FIG. 5 depicts an example process 500 that can be executed in accordance with implementations of the present disclosure. In some examples, the example process 500 is provided using one or more computer-executable programs executed by one or more computing devices. In some examples, the example process 500 is performed to selectively load data to low-latency memory based on predicted workload. In the example of FIG. 5, the example process can include a training phase and an inference phase. During the training phase, ML models are trained as described herein. During the inference phase, one or more of the ML models is used to predict workloads and selectively load data (e.g., column data) to low-latency memory for production use.

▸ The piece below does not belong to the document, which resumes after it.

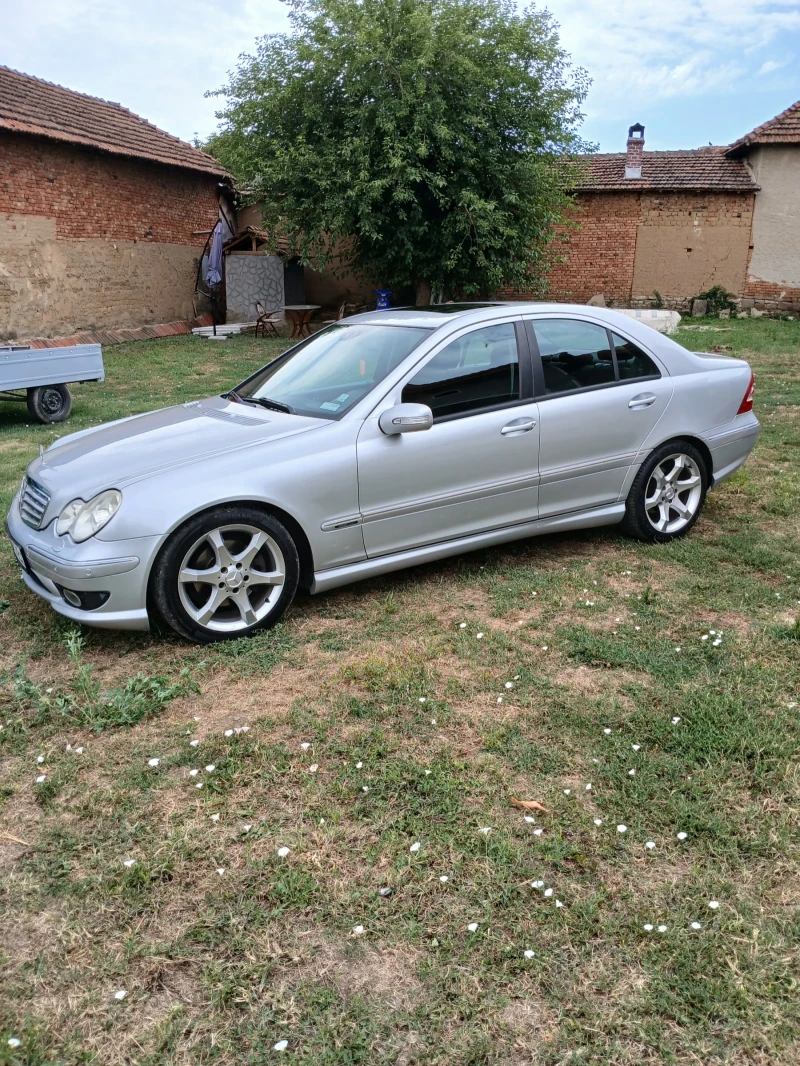 Mercedes-Benz C 250 SPORT Edition, снимка 5 - Автомобили и джипове - 47045190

A workload period is selected (502). For example, and as described herein, a workload period can be selected for predicting a workload applied to a database system. An example workload period can include a day (e.g., a weekday, a weekend day). As discussed herein with reference to FIG. 2, the workload period 220 can be provided to the workload processing module 202. A workload is collected (504). For example, and as described herein, the workload processing module 202 retrieves historical data from the workload store 210 for the workload period 220. The historical data is representative of one or more executions of the workload over the workload period 220. In some examples, the historical data includes a set of queries that have been executed on the database system during the workload period 220.

The workload is standardized and clustered (506). For example, and as described herein, the workload processing module 202 generates a set of query templates. For example, for each query in the set of queries, the workload processing module 202 provides a query template by replacing any constants with a value placeholder (e.g., the $ character). In some examples, and without limitation, constants include values in WHERE clause predicates, SET fields in UPDATE statements, and VALUES fields in INSERT statements. A set of aggregate query templates is provided from the set of query templates. In some examples, an aggregate query template is provided by aggregating one or more query templates into a single aggregate query template. For each aggregate query template in the set of aggregate query templates, an ARC is determined. The workload processing module 202 processes the set of ARCs to generate a set of cARCs. For example, one or more ARCs in the set of ARCs can be clustered (grouped) and a cARC is generated for the cluster. For example, a cARC is provided by averaging the arrival rates of all ARCs included in the cluster.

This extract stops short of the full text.